Fuck, I had totally forgot about that. haha made my eyes well up.


----------



## RIDERUK (Oct 22, 2014)

F1EA said:


> DOA is pretty mid-flex ish.
> Villain a bit softer.
> Assassin and Endeavor Live a bit more 6/10 flex. Also K2 Happy Hour.
> Greats... about 7.5/10 flex.


Ah right... didn't realise the greats was so stiff. Count that out then bud will be too plank-like for ya.

One of my mates has the happy hour and absolutely swears by it. Word of warning if it matters to you/anyone... both of his seem to have fallen apart pretty quick. The spikey tips on the nose/tail no longer exist on his!


----------



## F1EA (Oct 25, 2013)

RIDERUK said:


> Ah right... didn't realise the greats was so stiff. Count that out then bud will be too plank-like for ya.
> 
> One of my mates has the happy hour and absolutely swears by it. Word of warning if it matters to you/anyone... both of his seem to have fallen apart pretty quick. The spikey tips on the nose/tail no longer exist on his!


The Greats is not really 'that' stiff. It's just not a jibsy board. So if you intend to ride it more or less for what it's made for, it will not feel like a plank. It's basically an all around all mountain powder freestyle board.


----------



## ekb18c (Mar 11, 2013)

F1EA said:


> The Greats is not really 'that' stiff. It's just not a jibsy board. So if you intend to ride it more or less for what it's made for, it will not feel like a plank. It's basically an all around all mountain powder freestyle board.
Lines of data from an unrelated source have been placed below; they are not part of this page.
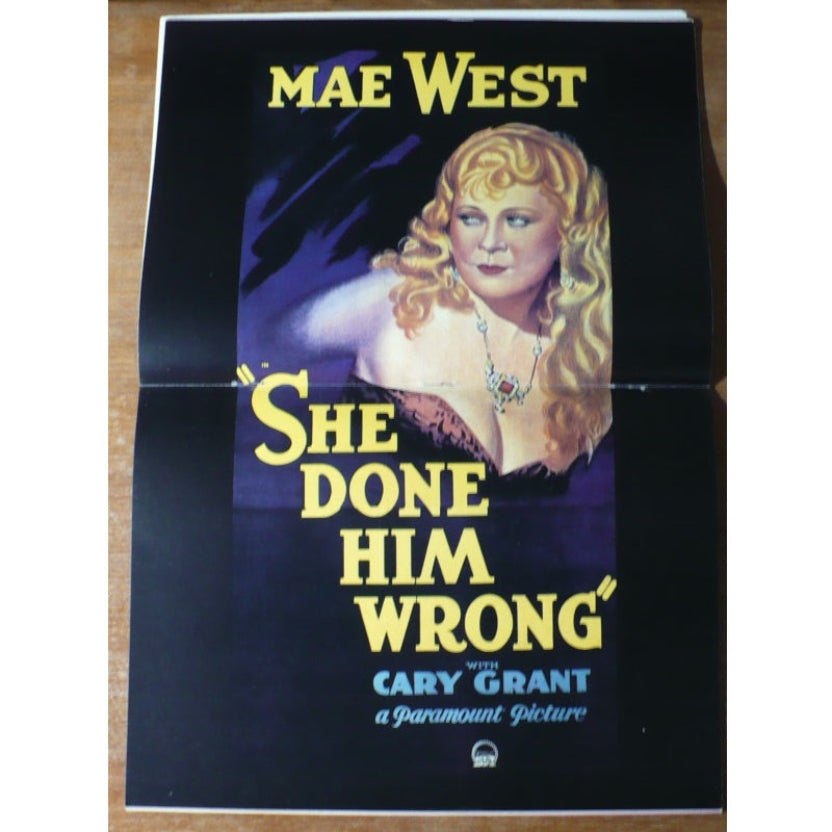 Vintage Mae West in She Done Him Wrong Centerfold Poster.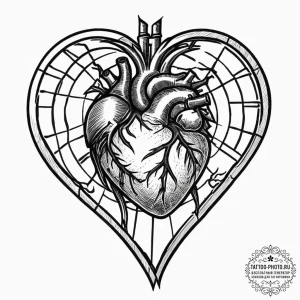 Tattoo design a stylized heart protected by a... - эскиз тату (№1754241300_0, 03.08.2025 17:15) — tattoo-photo.ru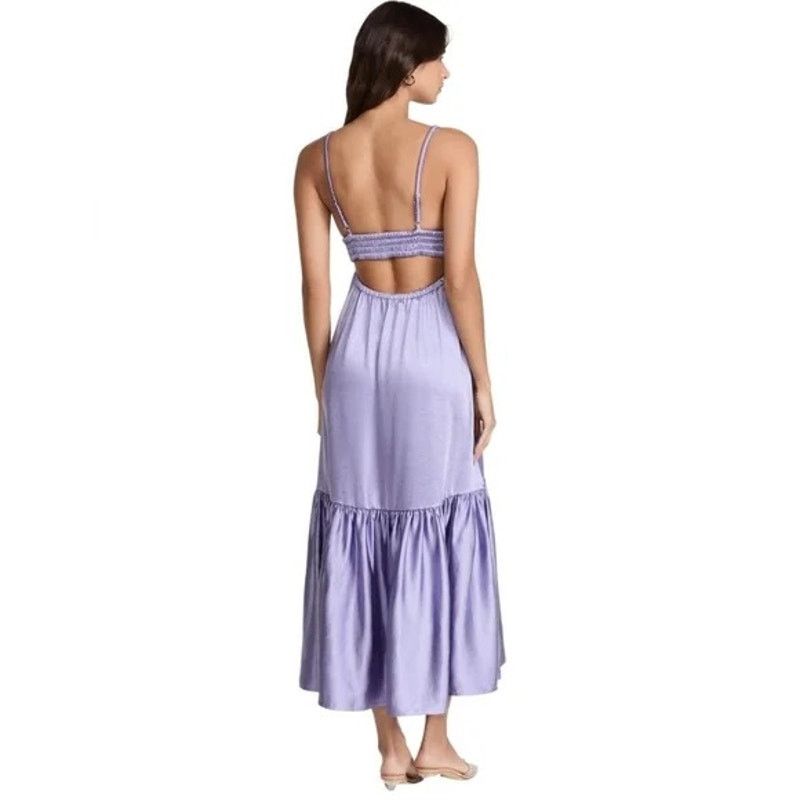 A.L.C. ALC A.L.C. Rhodes Cut-Out Satin Midi Dress Purple size 14 Size XL / US 12-14 / IT 48-50 - 4 Thumbnail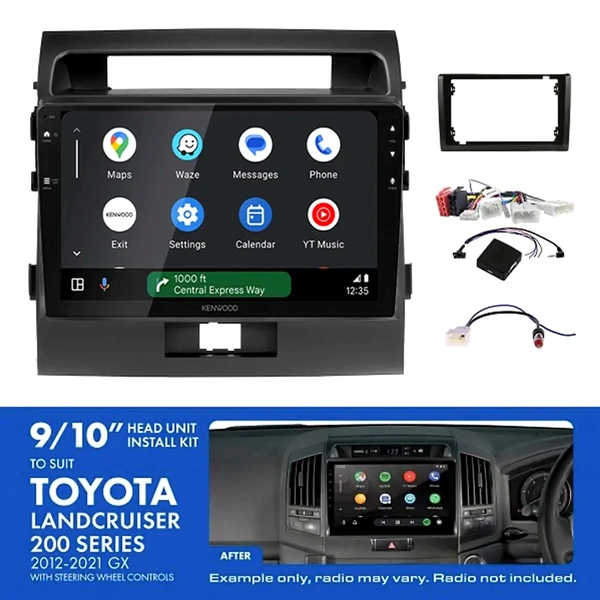 Kenwood DMX80AXS 9" Trapezoid Head Unit Wireless CarPlay Android Auto + AKTO43 Install Kit Fits model Toyota landcruiser 200 series 2012-2021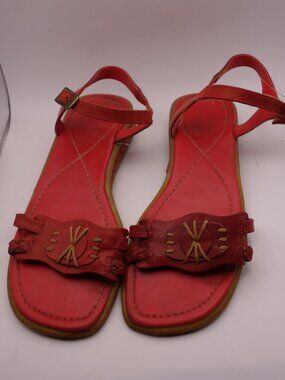 Tchoco Brazil Red Leather Strappy Sandals Comfort Flat 36 5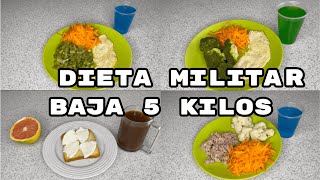 DIETA MILITAR PARA BAJAR 5 KILOS EN 3 DIASFABI CEA [upl. by Xilef]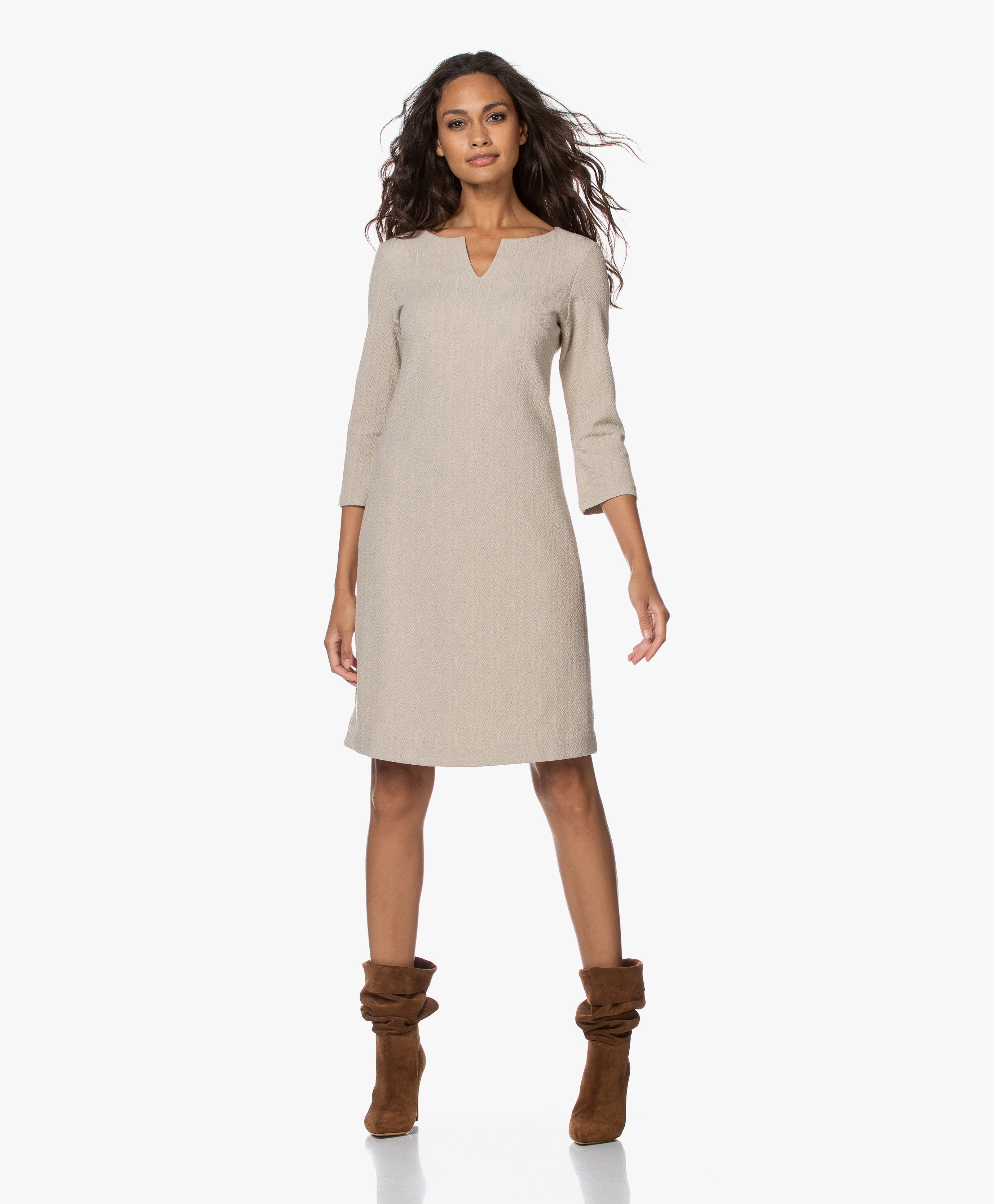 beige jersey dress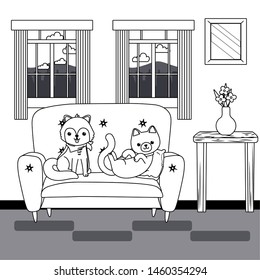 Cat and dog cartoon design vector illustrator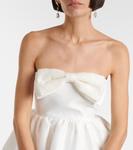 Мини-платье из тафты с отделкой бантом и бисером Self-Portrait, белый - фото 4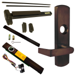 KIT - Alarmed, RX (Request to Exit Switch), SVR (Surface Vertical Rod) Exit Device, 996L-NL-06 Nightlatch Lever Trim, LHR Left Hand Reverse/Reversible Handing, 36in x 84in, Grade 1, 710/313AN Dark Bronze Anodized
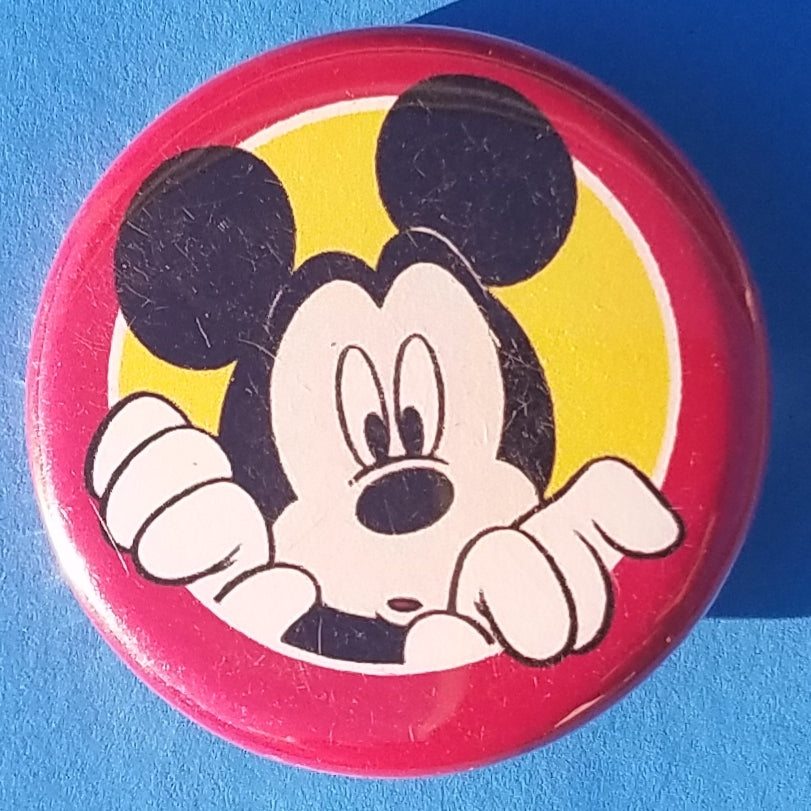 new cartoon characters button set of 4 fashion buttons are 1.25 inches in size Set Includes Mickey Mouse Looking Over Princess Pocahontas Princess Tiana Evil Purple Minion disney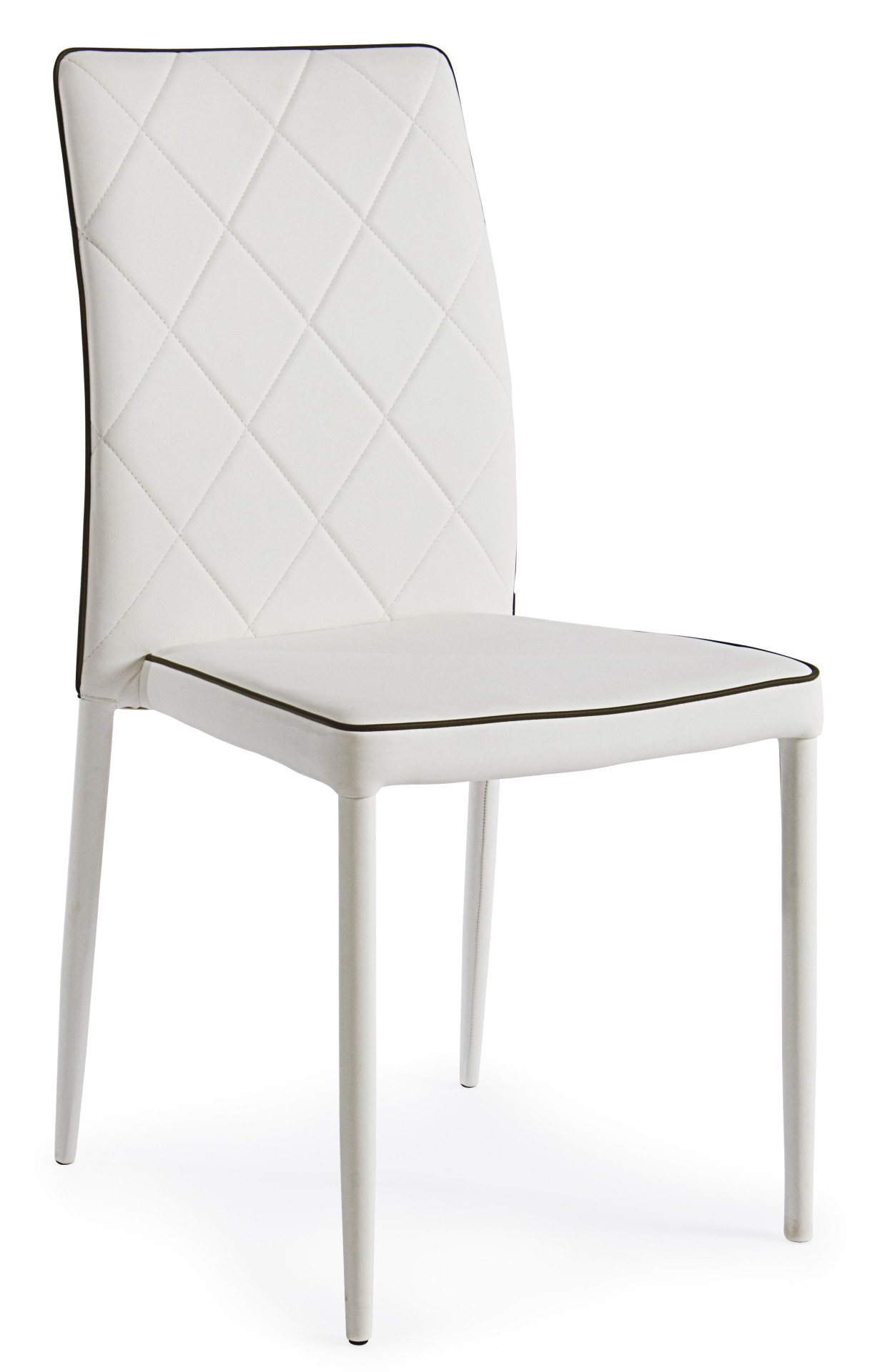 Der Stuhl Achille überzeugt mit seinem modernem Design. Gefertigt wurde der Stuhl aus Kunstleder, welches einen weißen Farbton besitzt. Das Gestell ist aus Metall und ist in der Selben Farbe wie die Sitzfläche. Der Stuhl verfügt über eine Gesteppte Rücken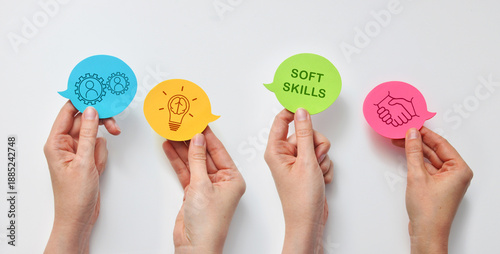 Bild auf Leinwand the development of soft skills in human life: communication, teamwork, and creat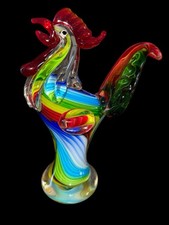 Murano Art Glass Rainbow Multicolor Colored Rooster Figurine Tabletop Home Decor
The Greats is, well, great...


----------



## F1EA (Oct 25, 2013)

ekb18c said:


> The Greats is, well, great...


That seems to be the general consensus


----------



## Nolefan2011 (Mar 12, 2011)

timmytard said:


> Yeah not much beats a big layed out back flip or backside 180, when you have enough time for four rotations & choose not too, that's style.
> 
> 
> TT
> ...


man you are fucking weird


----------